1

I am sorry for the apparently basic question, but I tried hard, searched online as well, still stuck though. These are the data:

temp <- data.frame(mean=seq(1, 200, by=2), 
                 sd=seq(1, 200, by=2))


normv <- function( n , mean , sd ){
  out <- rnorm( n*length(mean) , mean = mean , sd = sd )
  return( matrix( out , , ncol = n , byrow = FALSE ) )
}


set.seed(1)
normv( 5 , temp$mean , temp$sd ) # 5 variables, from  V1 to V5
mydata <- as.data.frame(normv( 5 , temp$mean , temp$sd ))

And this is the loop to build 3 explorative graph on "mydata"

require(ggplot2)
require(car)
pdf(paste("Explore",1,".pdf",sep=""))
layout(matrix(c(1,2,3,3), 2, 2, byrow = FALSE))
lst1<- lapply(names(mydata),function(i) 
{
  print (
    ggplot(mydata, aes(i)) +
      geom_histogram(aes(y = ..density..),
                     fill = 'yellow',
                     alpha = 0.7,
                     col = 'black') +
      geom_density(colour="blue", lwd = 1, fill="lightyellow", alpha=0.5) +
      stat_function(fun = dnorm, 
                    args = list(mean = mean(mydata[,i], na.rm=T), sd = sd(mydata[,i], na.rm=T)), 
                    lwd = 1, 
                    col = 'red') +
      geom_vline(xintercept = mean(mydata[,i], na.rm=TRUE),col="lightblue", lty=1, lwd = 1) +
      geom_vline(xintercept = median(mydata[,i], na.rm=TRUE),col="purple", lty=2, lwd = 1) +
      theme_bw() +
      labs(title="Blue Line: Mean, Purple Line: Median") +
      theme(axis.text.x=element_text(size=14), axis.title.x=element_text(size=16),
            axis.text.y=element_text(size=14), axis.title.y=element_text(size=16))
        )


  qqnorm(mydata[,i], axes=FALSE)
  Boxplot(mydata[,i], 
          labels=rownames(mydata), id.n=Inf,
          col="royalblue",
          axes=TRUE,
          ylab=i,
          horizontal=FALSE)
})

A Mock-up of the final Image I would like to get is as follows: enter image description here Note that if I run the geom_histogram outside the loop it works fine, and when I exclude GGPLOT and use basic R for histogram, that works fine too.
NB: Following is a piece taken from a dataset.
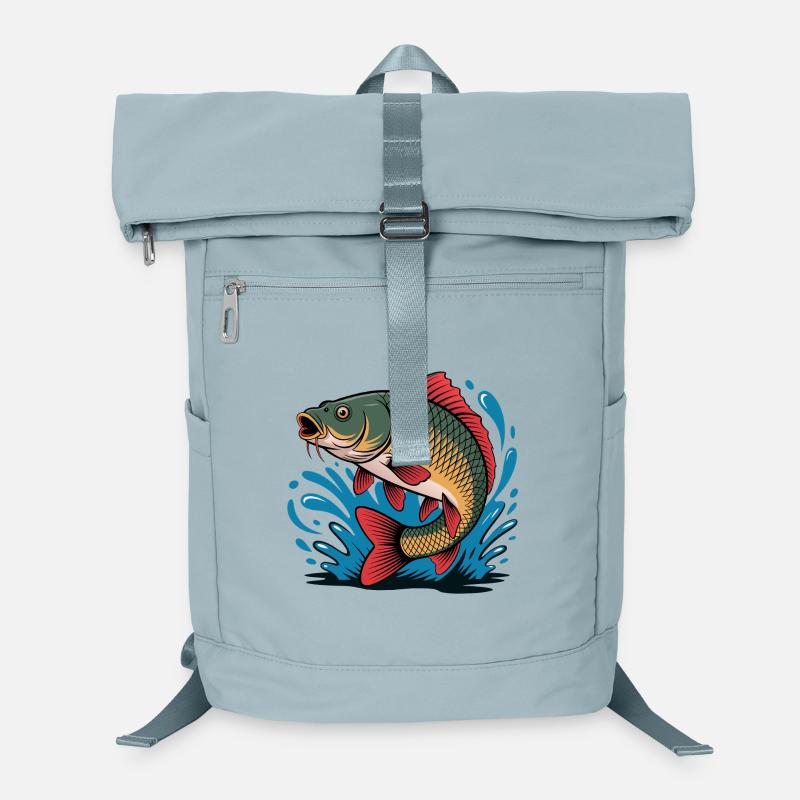 Springender Karpfen  Laptop-Rucksack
However, when I run the loop, I am still getting the error:

Error: StatBin requires a continuous x variable the x variable is discrete. Perhaps you want stat="count"? 

Note also that the difference between histogram and bar plot is crystal clear to me, in this case data are obviously continuous and NOT discrete, in facts I need an histogram. For academic purposes I have also tried to switch to geom_bar: I get rid of the error, but the resulting plot (as expected) does not make sense.
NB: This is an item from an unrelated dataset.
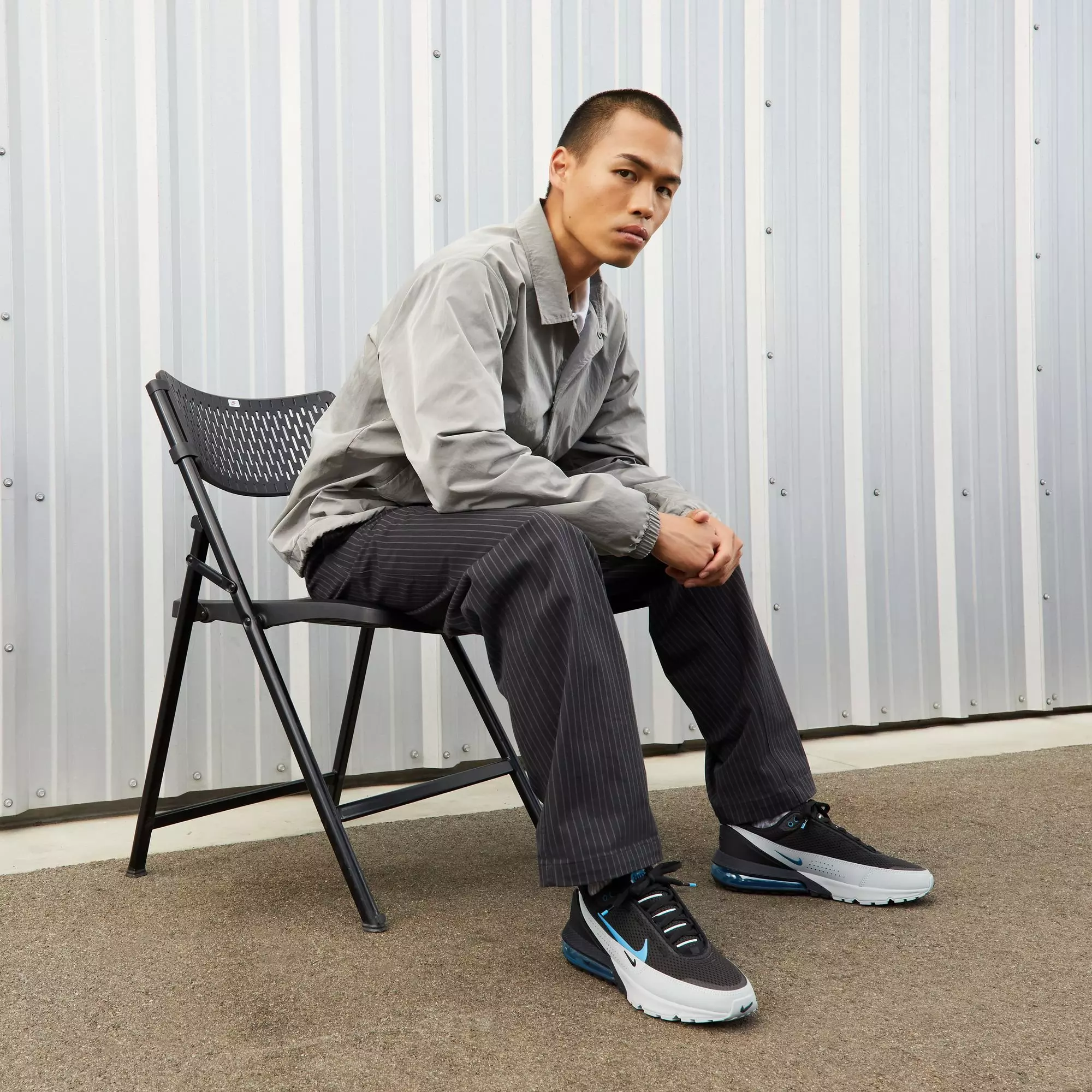 Nike Air Max Pulse "Black/Laser Blue/Smoke Grey" Men's Shoe - BLACK/LASER BLUE/SMOKE GREY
Any help is greatly appreciated

Diego
  • 127
  • 2
  • 13
  • 1
    It is looking for a column named `i` in your dataframe. If you are passing the column names as a string, use `aes_string` – Jack Brookes Mar 22 '18 at 22:45
  • Please add a mock up image of what you expect the output to be – Jack Brookes Mar 23 '18 at 11:20
  • Edited now and added the example as requested. Please note also that switching to ggplot(mydata, aes_string(i)) does not change the outcome (same error message about discrete var) and add few warnings about non-numerical arguments...sorry and thanks for your patience – Diego Mar 23 '18 at 12:48
  • See my edit below – Jack Brookes Mar 23 '18 at 13:26

1 Answers1

3

Lots going on here - I'm going to assume this is the type of graph you want, based on your code. Here, I gather the variables so that we can facet along the horribly named "variable" column. Usually, if something is hard, and you begin to use loops, there is usually a better way to do it.

library(tidyverse)
library(car)
temp <- data.frame(mean=seq(1, 200, by=2), 
                   sd=seq(1, 200, by=2))


normv <- function( n , mean , sd ){
  out <- rnorm( n*length(mean) , mean = mean , sd = sd )
  return( matrix( out , , ncol = n , byrow = FALSE ) )
}

set.seed(1)
normv( 5 , temp$mean , temp$sd ) # 5 variables, from  V1 to V5

mydata <- as.data.frame(normv( 5 , temp$mean , temp$sd )) %>% 
  gather("variable", "value", V1:V5)


ggplot(mydata, aes(value)) +
  geom_histogram(aes(y = ..density..),
                 fill = 'yellow',
                 alpha = 0.7,
                 col = 'black') +
  geom_density(colour="blue", lwd = 1, fill="lightyellow", alpha=0.5) +
  facet_grid(~variable) +
  geom_vline(aes(xintercept = summarised_value, color = stat), 
             size = 1,
             data = mydata %>% 
               group_by(variable) %>% 
               summarise(mean = mean(value), median = median(value)) %>% 
               gather("stat", "summarised_value", mean:median)) +
  theme_bw() +
  theme(axis.text.x=element_text(size=14), axis.title.x=element_text(size=16),
        axis.text.y=element_text(size=14), axis.title.y=element_text(size=16))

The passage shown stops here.